Türk Sineması’nın Kör Noktalarını Nereden Okuyabiliriz?

30'lu ve 80'li Yıllara Dair Bir Kaynak*

*Abisel, Nilgün. Türk Sineması Üzerine Yazılar. Ankara: Phoenix Yayınları, 2005.

Türk Sineması’nın Görünen ve Görünmeyen Dönemleri

Türk Sineması’nın tarihini araştırmaya başladığınızda birkaç temel kitapla karşılaşırsınız. Giovanni Scognamillo’nun, Burçak Evren’in, Nijat Özön’ün, Alim Şerif Onaran’ın tarih çalışmaları bunlardan bazılarıdır. Bu tür kaynakların genel yapısı ilk bakışta biraz karmaşık gelebilir ve okuyucuyu zorlayabilir. Çünkü tarih kitaplarını okurken kronolojik bir akış beklentisi içine gireriz. Sinema tarihi yazanlar için ise kronolojik bir sıra takip etmek oldukça zordur. Sektörün kendi içinde bir akışı olduğu gibi yönetmenlerin, film yıldızlarının, yapımcıların da bireysel biyografileri içinde görünürlüklerinin arttığı ve azaldığı dönemlere rastlanabilir. Bu yüzden Türk Sineması’nın tarihi yazılırken kişiler mi temel alınarak bir tarih yazmaya girişmelidir yoksa sektörün gelişimi mi temel alınmalıdır gibi sorular ilk bakışta gündeme gelir. Bütün bunları bir arada gözetirken bir şeyleri atlamamak gerçekten zordur. Bu yazarlar da böylesi zorlu bir işe giriştikleri için çalışmalarında zaman çizgisinde geri dönüşler, ileri dönemlere referanslar, arada atlanılmaması gereken isimler ve detaylar ile birlikte zaman çizgisi üzerinde ileri-geri gidişlerle karmaşık bir serüveni tamamlarlar. Baştan sona bir Türk Sineması tarihi yazmanın zorluklarını ve bu konuda nasıl bir akış (ya da alternatif akışlar) takip edilebileceğini şimdilik bir başka yazıya bırakıyor ve dönemler göz önünde bulundurularak Türk Sineması’nı ele aldığımızda nelerle karşılaşacağımıza bir bakıyoruz.

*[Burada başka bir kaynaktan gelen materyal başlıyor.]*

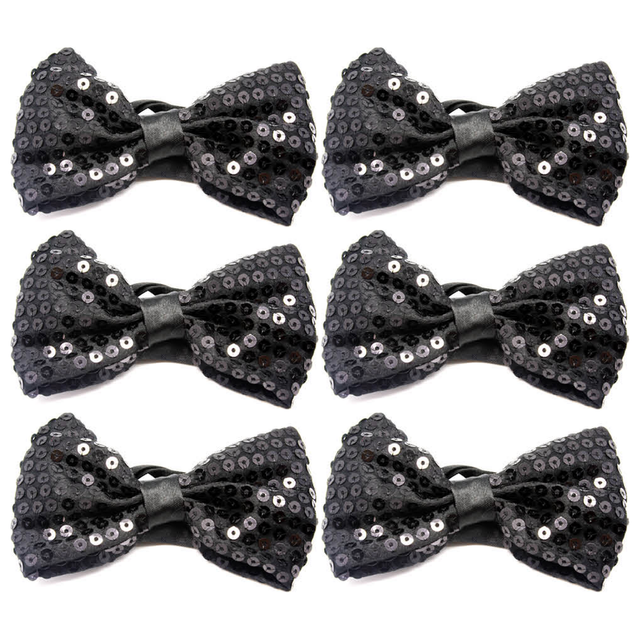 6x Black Glitter Sequin Small Bow Tie Bulk Pack - Shiny Fancy Dress Costume Party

Türk Sineması’nın dönemlerine odaklanarak derinlikli bir araştırma yapmak istediğinizde ilk bakışta dönemler arası geçişler çok net olmadığı için bahsettiğimiz ileri-geri kronolojik sıçramalar kaçınılmaz olur. Yine de belli başlı dönemlendirmelerin yukarıda da saydığımız Türk Sineması tarihi yazarları tarafından genel olarak kabul gördüğünü ve sınırların hemen hemen aynı yerlerden çizildiğini görürsünüz.

Balkan Harbi sırasında sinemaya dair kaleme alınmış bir arşiv belgesi, 1913.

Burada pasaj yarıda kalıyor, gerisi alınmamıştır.